Short web captions
______
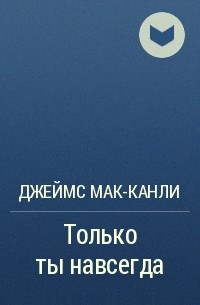 Джеймс Мак-Канли - Только ты навсегда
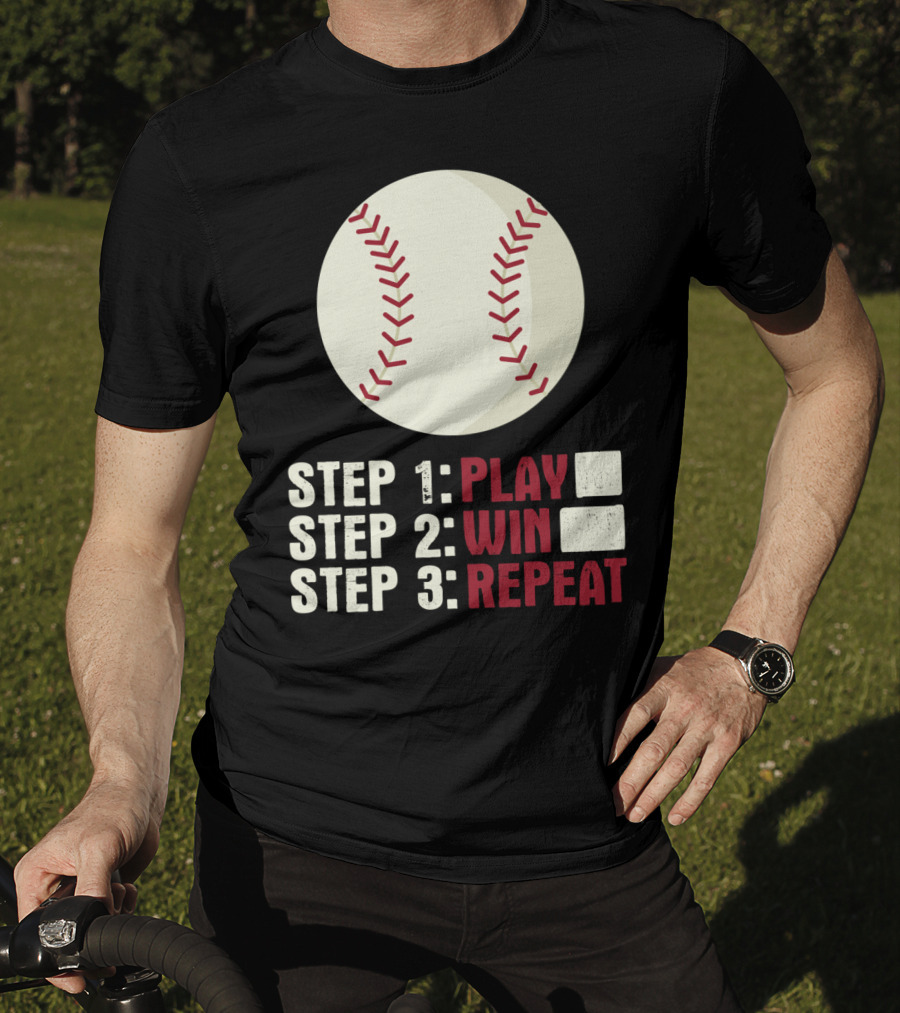 Step 1 Play Step 2 Win Step 3 Repeat Baseball Athlete T-Shirt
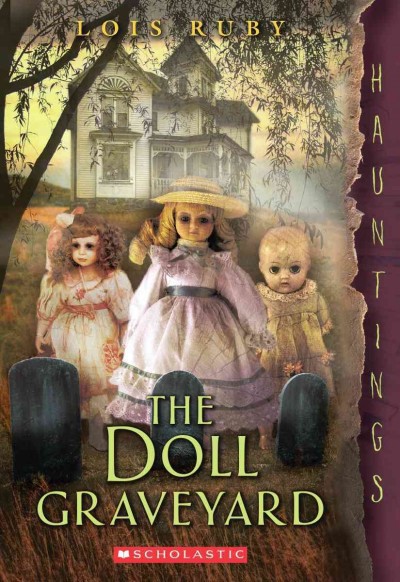 The doll graveyard / Lois Ruby.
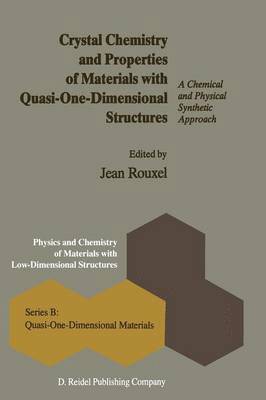 bokomslag Crystal Chemistry and Properties of Materials with Quasi-One-Dimensional Structures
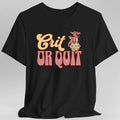 Crit or Quit Kawaii T-Shirt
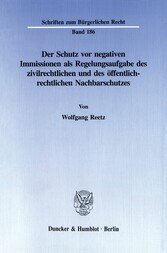 Der Schutz vor negativen Immissionen als Regelungsaufgabe des zivilrechtlichen und des öffentlich-rechtlichen Nachbarschutzes.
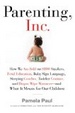 Cover of Parenting, Inc.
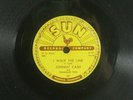 Original Sun 78 rpm Johnny Cash - I Walk the Line / Get Rhythm 241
______
• _YOUR ASSIGNMENT_
Print, word for word, every entry shown above; the pictures stay out.

• _REPLY TO THE EXERCISE_
 Джеймс Мак-Канли - Только ты навсегда
 Step 1 Play Step 2 Win Step 3 Repeat Baseball Athlete T-Shirt
 The doll graveyard / Lois Ruby.
 bokomslag Crystal Chemistry and Properties of Materials with Quasi-One-Dimensional Structures
 Crit or Quit Kawaii T-Shirt
 Der Schutz vor negativen Immissionen als Regelungsaufgabe des zivilrechtlichen und des öffentlich-rechtlichen Nachbarschutzes.
 Cover of Parenting, Inc.
 Original Sun 78 rpm Johnny Cash - I Walk the Line / Get Rhythm 241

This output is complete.